Time evolution operator to find expectation value

Question

I have a state $\Psi (x,0) = \sum_{n=0}^{\infty} c_{n}u_n(x)$ and want to find the expectation value of any observable A at time t, $\langle \Psi(t)|\hat{A}|\Psi(t)\rangle$.

I know that I should apply the time evolution operator to find $\Psi(t)$ but am not sure how to find the expectation value when I'm not dealing with an eigenstate. I'm looking for the answer as a function of matrix elements $A_{mn} = \langle u_{m}|\hat{A}|u_{n}\rangle$.

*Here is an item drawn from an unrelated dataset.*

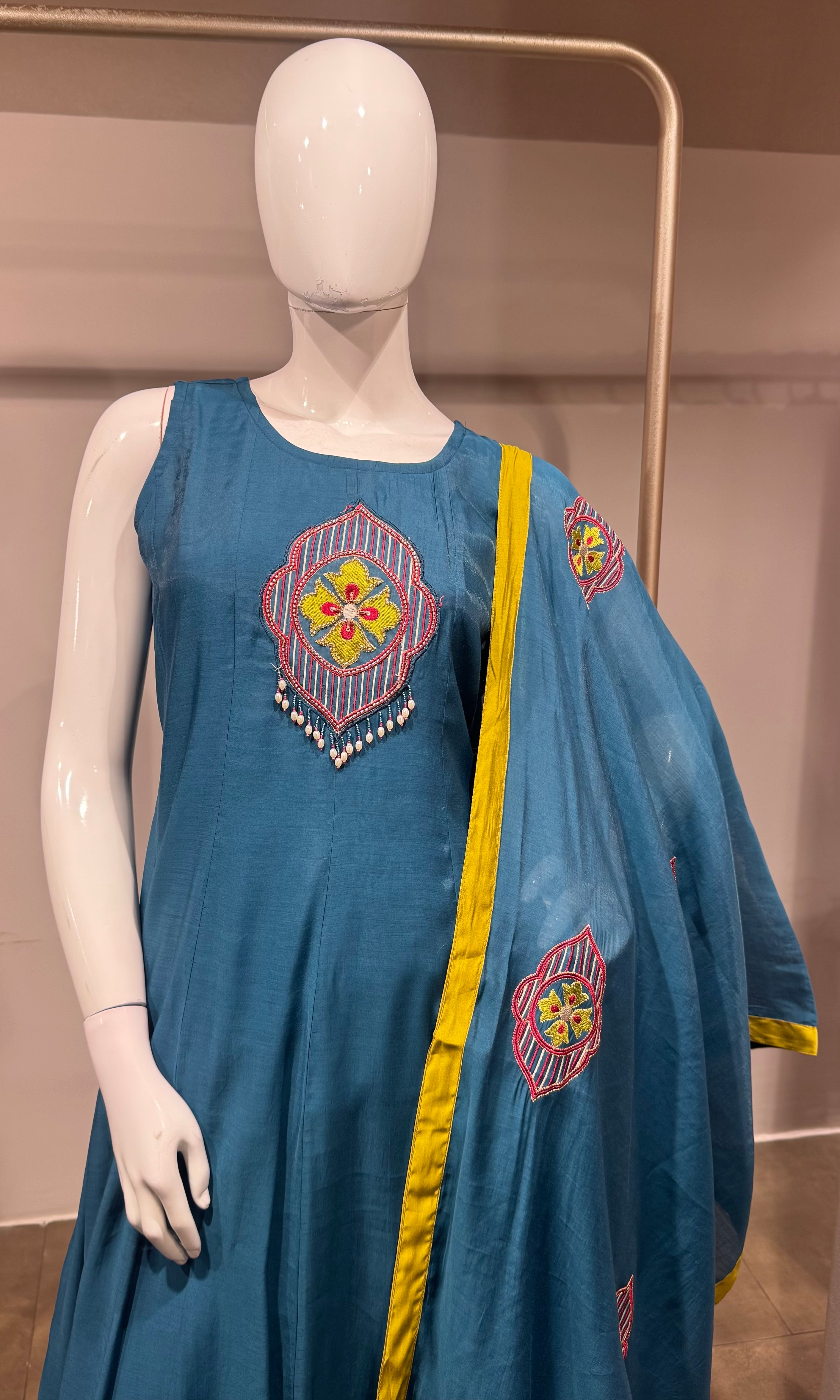 Blue ethnic anarkali with palazzo pants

Could anyone give me some guidance? I'm a QM newbie if you haven't noticed!

Answer 1

The key here is to notice that at any time $t$, one can expand the full time-dependent state $\Psi(x,t)$ at that time in terms of a basis $u_n$; $$ |\Psi(t)\rangle = \sum_n c_n(t)|u_n\rangle $$ The basic idea here is that the time-dependence of the state is being encoded in the expansion coefficients $c_n(t)$. Having done this, notice now that $$ \langle\Psi(t) |\hat A|\Psi(t)\rangle = \sum_{m,n}c_m^*(t)c_n(t)\langle u_m|\hat A|u_n\rangle = \sum_{m,n}c_m^*(t)A_{mn}c_n(t) $$
It is then possible to show (using the Schrodinger equation) that if the states $u_n$ are eigenstates of the Hamiltonian with corresponding eigenvalues $E_n$, then the coefficient $c_n(t)$ satisfy a simple differential equation in $t$ with a simple solution, and you should be able to put this all together to get what you're looking for.